Tawûsî Melek (, romanized: Tawisi Malak), also spelled Melekê Tawûs and Tawûsê Melek, translated in English as Peacock Angel, is one of the central figures of the Yazidi religion. In Yazidi creation stories, before the creation of this world, God created seven Divine Beings, of whom Tawûsî Melek was appointed as the leader. God assigned all of the world's affairs to these seven Divine Beings, also often referred to as the Seven Angels or heft sirr ("the Seven Mysteries").

In Yazidi beliefs, there is one God, who created Seven Divine beings, the leader of whom is Tawûsî Melek, the Lord of this World, who is responsible for all that happens on this world, both good and bad. According to religious tradition, the nature, with its phenomena of light and darkness, is from one source, which is the Lord of this World, Tawûsî Melek. Qewl passages emphasize Tawûsî Melek's power on the earth, in the sky, sea, on the mountains, and their residents, that is, his power exists in all parts of nature, whether celestial or terrestrial.

Religious significance

Tawûsî Melek in Yazidi beliefs and mythology 

The Yazidis consider Tawûsî Melek an emanation of God who is a good, benevolent angel and leader of the archangels, who was entrusted to take care of the world after he passed a test and created the cosmos from the Cosmic egg. Yazidis believe that Tawûsî Melek is not a source of evil or wickedness. They consider him to be the leader of the archangels, not a fallen nor a disgraced angel, but an emanation of God himself. The Yazidis believe that the founder or reformer of their religion, Sheikh Adi Ibn Musafir, was an incarnation of Tawûsî Melek.
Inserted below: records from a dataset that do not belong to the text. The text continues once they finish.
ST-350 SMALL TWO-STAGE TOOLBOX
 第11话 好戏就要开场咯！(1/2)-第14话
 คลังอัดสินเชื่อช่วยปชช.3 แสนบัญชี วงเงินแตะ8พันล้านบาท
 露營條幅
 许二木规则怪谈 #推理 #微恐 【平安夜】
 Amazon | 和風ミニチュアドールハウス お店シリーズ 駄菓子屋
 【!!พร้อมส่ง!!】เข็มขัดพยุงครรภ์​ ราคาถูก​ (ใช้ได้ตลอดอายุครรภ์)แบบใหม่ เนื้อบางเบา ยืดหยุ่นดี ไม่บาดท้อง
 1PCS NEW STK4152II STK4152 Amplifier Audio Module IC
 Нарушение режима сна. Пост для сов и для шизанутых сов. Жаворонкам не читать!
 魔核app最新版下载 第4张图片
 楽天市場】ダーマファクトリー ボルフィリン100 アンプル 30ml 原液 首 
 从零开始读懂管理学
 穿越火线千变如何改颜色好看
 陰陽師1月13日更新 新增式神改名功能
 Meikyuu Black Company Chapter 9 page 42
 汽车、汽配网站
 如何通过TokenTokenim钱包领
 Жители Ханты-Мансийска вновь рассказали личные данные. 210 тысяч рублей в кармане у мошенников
In Yazidi religious folk beliefs, Tawûsî Melek is described as eternal and an eternal light (Tawûsî Melek herhey ye û nûra baqî ye), and in Yazidi mythology, when Tawûsî Melek descended to earth, the seven colours of the rainbow transformed into a seven-coloured bird, the peacock, which flew around every part of earth to bless it, and its last resting place was in Lalish. Hence, in Yazidi mythology, the rainbow is linked with Tawûsî Melek and it is believed that he shows his blessing with the sign of rainbow.

The first Wednesday of Nîsan (Eastern April) every year is believed to coincide with Tawûsî Melek's descending to the earth as light for the renewal of life on earth, adorning of the nature and renewing of the year; therefore, it became a holy day and is the day on which the Yazidi New Year (Sersal) takes place. On the eve of the feast, 365/366 lamps are lit as the symbol of the descending of Tawûsî Melek to the earth. This number also corresponds to the number of the days in the year.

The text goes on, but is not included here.